Why would your serial job benefit from being executed using CSC’s resources instead of on your own computer?

Part of a larger workflow
Avoid data transfer between CSC and your own computer
Data sharing among other project members
Readily configured environment / dependencies (e.g. R environment on Puhti)
Memory and/or disk demands

Parallel jobs#

A parallel job distributes the work over several cores in order to achieve a shorter wall time (and/or a larger allocatable memory).

In this course we will focus on embarrassingly/naturally/delightfully parallel processes with methods that are either built-in to the tools or tools that can start multiple jobs from one call. For more advanced usage, there are two major parallelization schemes: OpenMP and MPI.

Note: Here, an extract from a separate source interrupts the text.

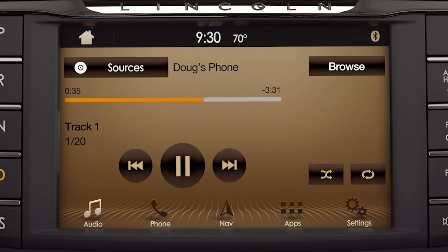Touching the audio tile will bring up the audio screen. From here, you can play or pause, get CD info, browse tracks, play random selections, and repeat songs.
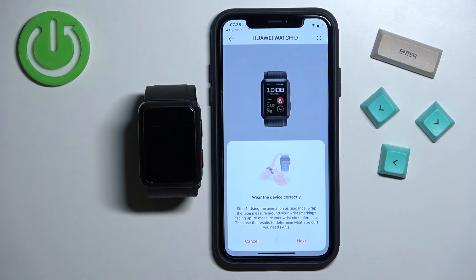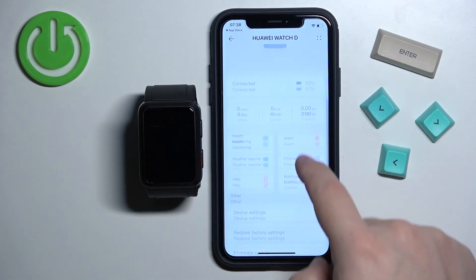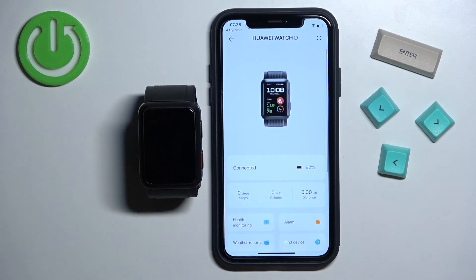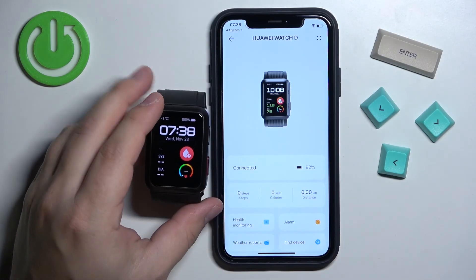Right here we have a tutorial on how to use the blood pressure measurement device on the watch — I'm going to tap Cancel to skip it. As you can see we now have the device page for our Huawei Watch D, and when we wake up the screen it's ready to use.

Advanced topics - MPI/OpenMP

What is MPI?

MPI (Message Passing Interface) is a widely used standard for writing software that runs in parallel
MPI utilizes parallel processes that do not share memory
- To exchange information, processes pass data messages back and forth between the cores
- Communication can be a performance bottleneck
MPI is required when running on multiple nodes

What is OpenMP?

OpenMP (Open Multi-Processing) is a standard that utilizes compute cores that share memory, i.e. threads
- They do not need to send messages between each other
OpenMP is easier for beginners, but problems quickly arise with so-called race conditions
- This appears when different compute cores process and update the same data without proper synchronization
OpenMP is restricted to a single node

Batch job examples

Multicore OpenMP job

#SBATCH --nodes=1
#SBATCH --ntasks=1
#SBATCH --cpus-per-task=X

Multicore MPI job

#SBATCH --nodes=X
#SBATCH --ntasks-per-node=Y
#SBATCH --cpus-per-task=1

--cpus-per-task is typically used for OpenMP jobs
--ntasks is typically used for MPI jobs
- A task cannot be split between nodes, but tasks can be on different nodes
- --ntasks-per-node can be used for finer control

Self study materials for OpenMP and MPI

There are many tutorials available online
- Look with simple searches for e.g. “MPI tutorial”
Check the documented exercise material and model answers from the CSC course “Introduction to Parallel Programming”
- Available on GitHub
- See also the materials of CSC Summer School in HPC

Array jobs#

Array jobs are one way of taking advantage of Puhti’s parallel processing capabilities for embarrassingly parallel tasks. Array jobs are useful when same code is executed many times for different datasets or with different parameters without the need to change your code. In GIS context, a typical use case would be to run some model on study area split into multiple files where output from one file doesn’t have an impact on the result of another area.

Maximum job limits

Submitting an array job of 100 members counts the same as 100 individual jobs from the batch queue system’s perspective. In Puhti, one can submit/run a maximum of 400/200 jobs at the same time (except for interactive, test and gputest, where the limits are one or two). The number of submitted jobs per user per month should be kept below one thousand.

GPU jobs#

A GPU is capable of doing certain type of simultaneous calculations very efficiently. In order to take advantage of this power, a computer program must be programmed to adapt on how GPU handles data. For spatial computations on the GPU, check out for example RAPIDS cuSpatial. CSC’s GPU resources are relatively scarce and hence should be used with particular care. A GPU uses 60 times more billing units than a single CPU core. In practice, 1-10 CPU cores (but not more) should be allocated per GPU on Puhti.

Advanced topics - GPU

GPUs can speed up jobs

GPUs can be used for science, but are often challenging to program
- Not all algorithms can use the full power of GPUs
Check the manual if the software can utilize GPUs, don’t use GPUs if you’re unsure
- See our CSC Docs page on how to check if your batch job used GPU
- The CSC usage policy limits GPU usage to where it is most efficient
- Also, if you process lots of data, make sure you use the disk efficiently
Does your code run on AMD GPUs? LUMI has a massive GPU capacity!
Can your software utilize GPUs?

Think about your work

Which job type sounds like it could benefit your work?